(EXERCISE REQUIREMENTS): Below are entries; copy exactly, and only, the lines from the one containing "Cheap n Thrifted Cheap n Thrifted" through their final line, leaving out pictures.
#### EXTRACTED INFORMATION
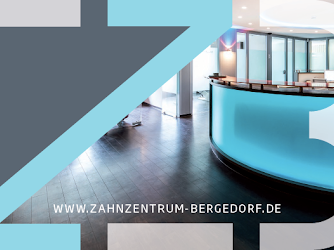 Zahn.Zentrum.Bergedorf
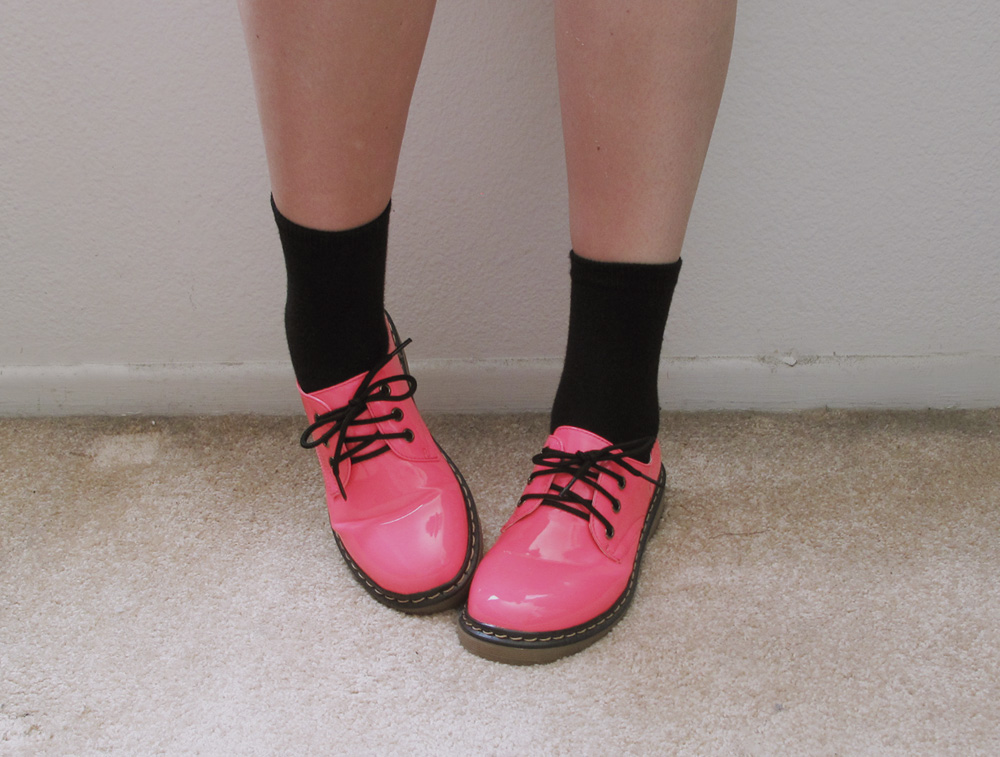 Cheap n Thrifted Cheap n Thrifted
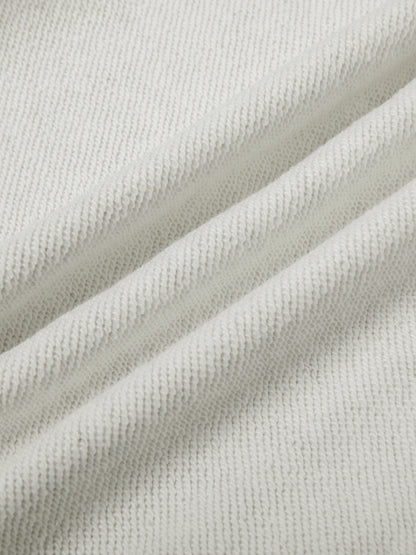 street,sweatpants,woman,lady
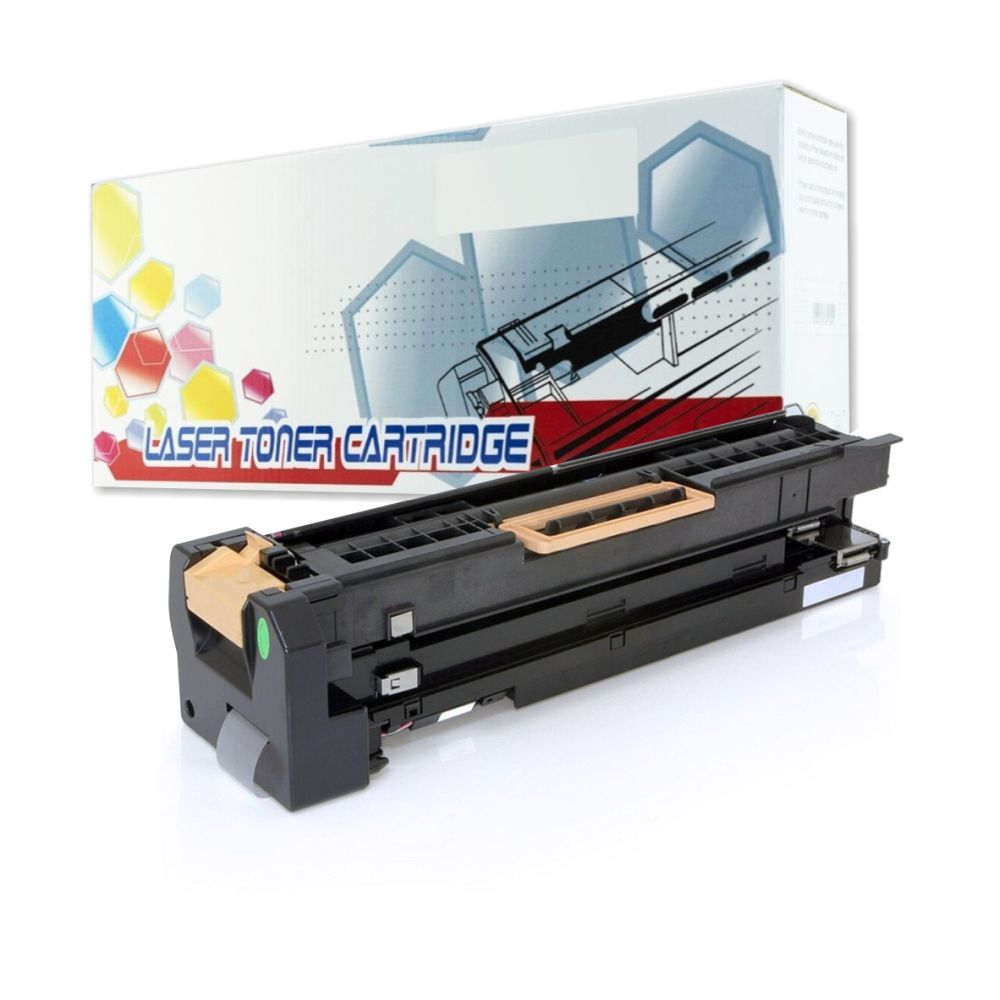 Xerox 5222/5225/5230 DRUM UNIT ECOnomy 80K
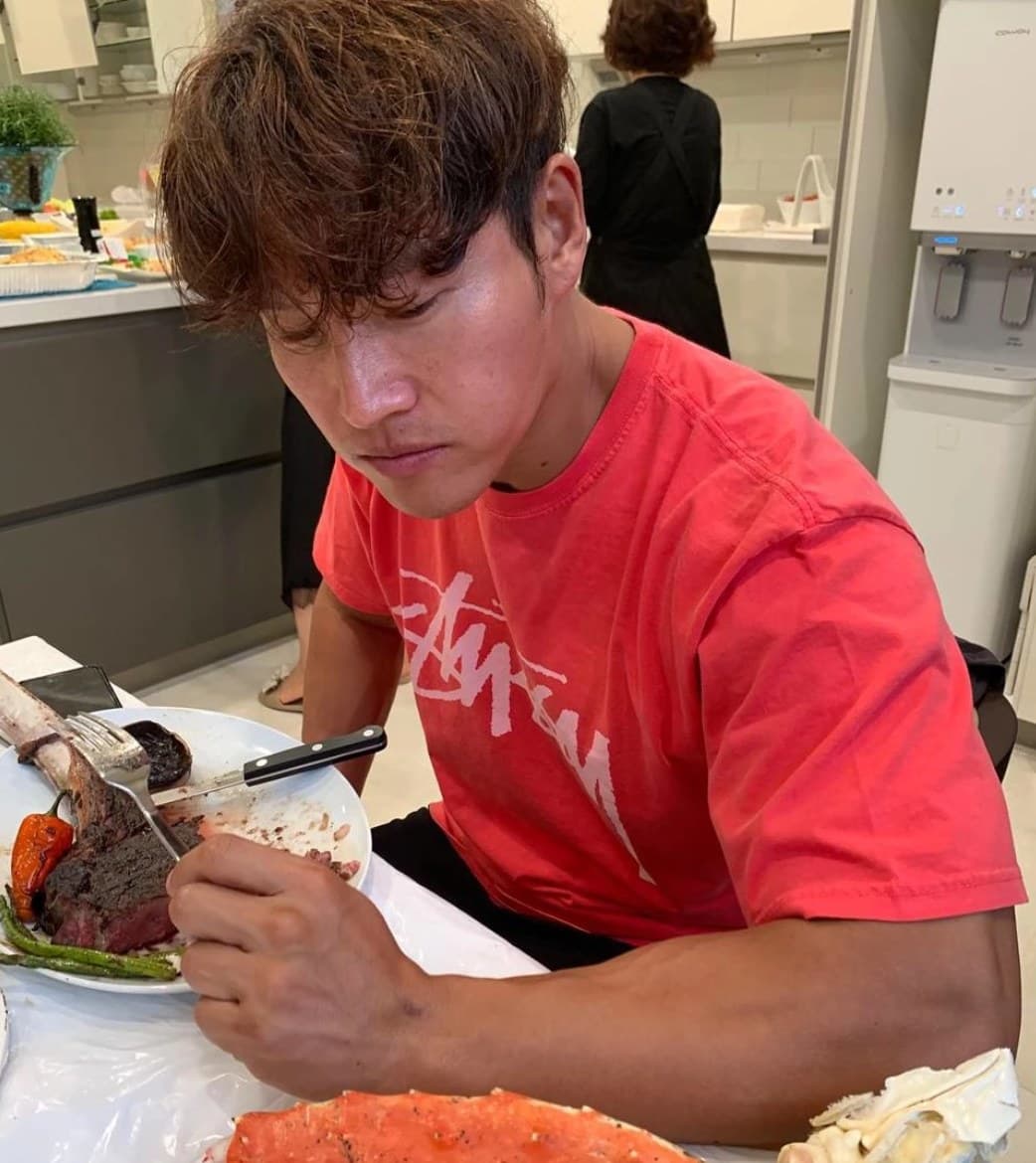 Image Source_Instagram | kjk76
########
(SOLUTION TO THIS TASK):
 Cheap n Thrifted Cheap n Thrifted
 street,sweatpants,woman,lady
 Xerox 5222/5225/5230 DRUM UNIT ECOnomy 80K
 Image Source_Instagram | kjk76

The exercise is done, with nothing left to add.